Active Sensor Burst increases your sensor range by 3000 units. Per the tooltip of that (and a few other abilities), the size of one map grid cell (and one radar circle) is 2000 units. Given that your fleet has some base sensor range, and the object being detected has some sensor profile, ASB will generally bring your effective detection range to around 5000, which is also the sensor range cap. So, about 2.5 grid squares or so. Less if the target is going dark etc.
I was meaning the range at which you can identify the composition of a fleet or abandoned star base; ie "Unidentified Contact" becomes a "Research Base" or a fleet of warships, which seems to be quite a bit smaller range than the actual "soft" detection range.
If you look at that picture above that I posted (even though I was wrong about the rings, thanks for clearing that up), you still can't make out the details of the contact even though you know it's there. Using the eye to gauge distance by referencing the star (~2000 units by the radar if I'm reading that right), I think it's about 400 units away roughly? Just wondering if there is a good rule of thumb to determine roughly when an unknown contact will become visible (eg 1/3 of the actual distance it gets detected at).
Hmm. It feels to me like either these bonuses are minor enough (and so fairly inconsequential, i.e. why do it?) or major enough that you'd be often looking to gain an edge using them even if it leads to weird gameplay. I.E. it wouldn't be good if, say, you felt like to win a specific fight - or even just take minimal losses - you'd have to lure a fleet back to an asteroid belt and then "ambush" them. Having to do that would get old pretty quick.
Something like a different type of battle being started is potentially more interesting, but perhaps even more prone to being exploited (of course you could try for some safeguards, but if there's anything players are great at, is working around them unless they're completely bullet proof), and working out the details of how those (not the safeguards, the actual engagements) would work is tricky to say the least. Just a lot of edge cases there, i.e. what happens when a fleet is too large to deploy, etc.
So, generally, I'm pretty wary of tying in campaign map location/terrain to direct in-combat advantages.
What about using it purely as an escape mechanic?
So far if you are hiding away a fleet can still find you fairly easily even after going dark since it's pretty easy to determine the last location you were at before going dark. At this point I'm probably thinking I should of just emergency burned out of there in the first place.
What if on the other hand the fleet had to locate you even after your fleet circles made contact; ie you could have the same fleet dialogue pop-up give you an option to escape with the chances being based on how dark you were to the enemy looking for you.
This would tend to favour smaller fleets (or Phase ships) more due to their smaller signature allowing escape more easily, while larger fleets would have a harder time so their chance to escape would be lower.

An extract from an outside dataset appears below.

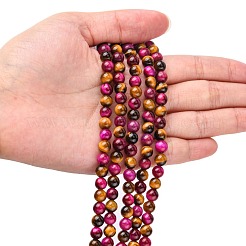 Нити бусин из натурального розового тигрового глаза (окрашенного и нагретого) и желтого тигрового глаза (окрашенного и нагретого)&nbsp;G-G101-6mm-1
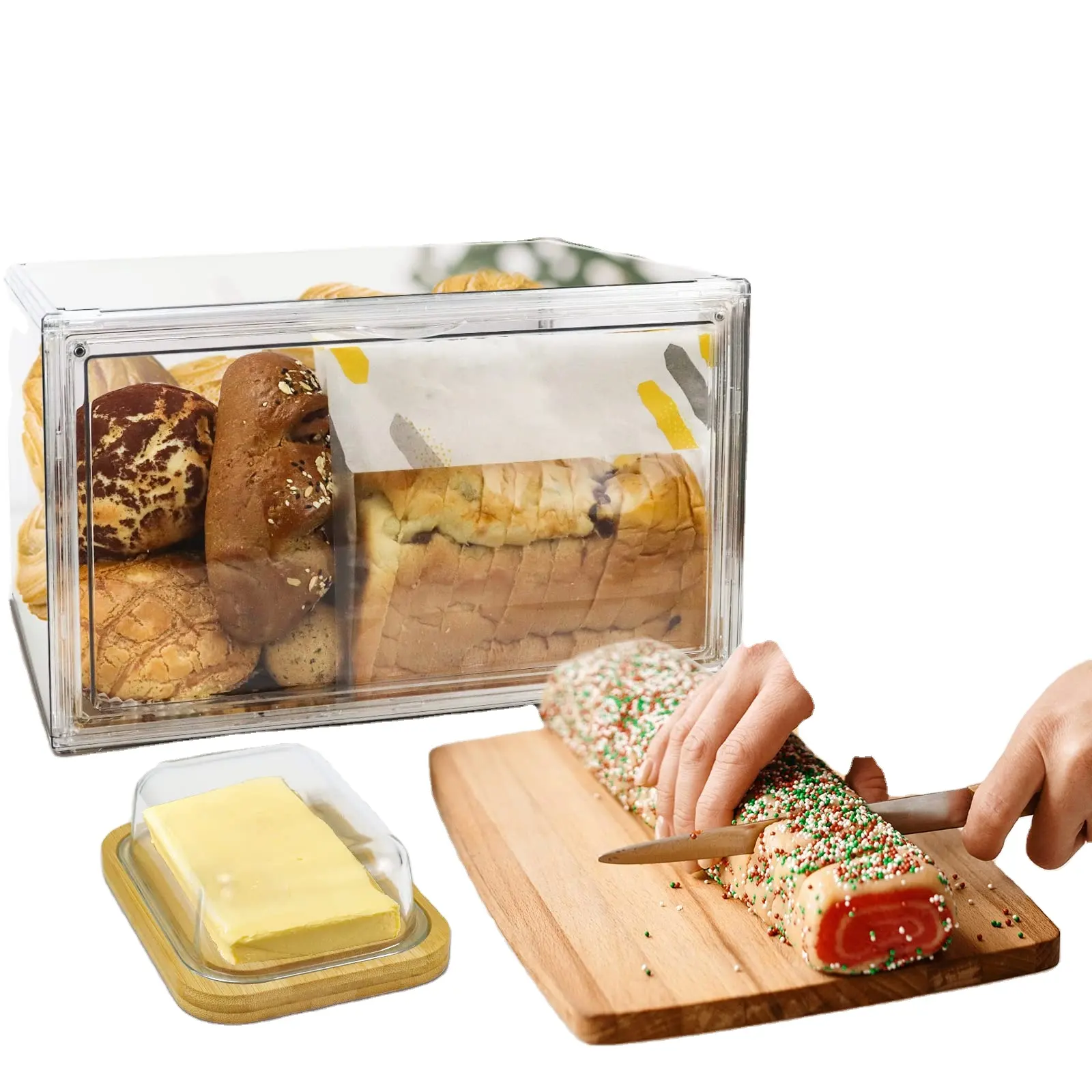 Vitrine de gâteau de haute qualité boîte acrylique transparente boîte de présentation de pain acrylique pour la maison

Basically a successful escape roll would be the same as the hostile fleet never locating you so they continue their scan and eventually resume their normal patrols (of course any movement within range of the patrol even after "winning" an escape can grab the attention of the hostile fleet again).
Edit:Took far too long putting my post together that intrinsic_parity's came up before I had finished. Just reading through that post and the ambush piracy idea is fairly interesting as well...something along the lines of attacking the supply ships, and then trying to escape successfully in order to make away with the loot? Perhaps a way to try and steal cargo from a much larger force without getting into a real battle (if you can successfully escape after that ambush).